=== Assignment ===
Give back exactly the lines from the one containing "VYBORG, RUSSIA - OCTOBER" through the end of the records, including both, and no others.

=== Supplied records ===
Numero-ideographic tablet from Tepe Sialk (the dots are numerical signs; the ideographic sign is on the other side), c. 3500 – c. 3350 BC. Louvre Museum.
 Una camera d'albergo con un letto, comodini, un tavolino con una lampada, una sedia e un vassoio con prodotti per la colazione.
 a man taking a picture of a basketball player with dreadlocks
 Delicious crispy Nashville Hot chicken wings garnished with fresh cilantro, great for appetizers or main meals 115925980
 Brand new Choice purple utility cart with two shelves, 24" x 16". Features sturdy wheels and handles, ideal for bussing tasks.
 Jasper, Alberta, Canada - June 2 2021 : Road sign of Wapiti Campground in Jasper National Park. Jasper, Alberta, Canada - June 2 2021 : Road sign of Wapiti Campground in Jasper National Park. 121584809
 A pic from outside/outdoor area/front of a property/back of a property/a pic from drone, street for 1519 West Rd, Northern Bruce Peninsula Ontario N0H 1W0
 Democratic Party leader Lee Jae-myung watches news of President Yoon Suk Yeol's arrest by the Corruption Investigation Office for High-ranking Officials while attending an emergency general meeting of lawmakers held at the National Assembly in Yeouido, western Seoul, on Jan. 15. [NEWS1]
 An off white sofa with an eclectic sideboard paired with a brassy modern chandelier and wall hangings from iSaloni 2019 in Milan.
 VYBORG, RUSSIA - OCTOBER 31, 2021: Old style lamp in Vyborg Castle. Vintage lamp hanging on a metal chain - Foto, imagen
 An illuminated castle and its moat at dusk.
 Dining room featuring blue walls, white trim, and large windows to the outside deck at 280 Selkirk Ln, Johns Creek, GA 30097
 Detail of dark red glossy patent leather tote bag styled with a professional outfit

=== Finished task ===
 VYBORG, RUSSIA - OCTOBER 31, 2021: Old style lamp in Vyborg Castle. Vintage lamp hanging on a metal chain - Foto, imagen
 An illuminated castle and its moat at dusk.
 Dining room featuring blue walls, white trim, and large windows to the outside deck at 280 Selkirk Ln, Johns Creek, GA 30097
 Detail of dark red glossy patent leather tote bag styled with a professional outfit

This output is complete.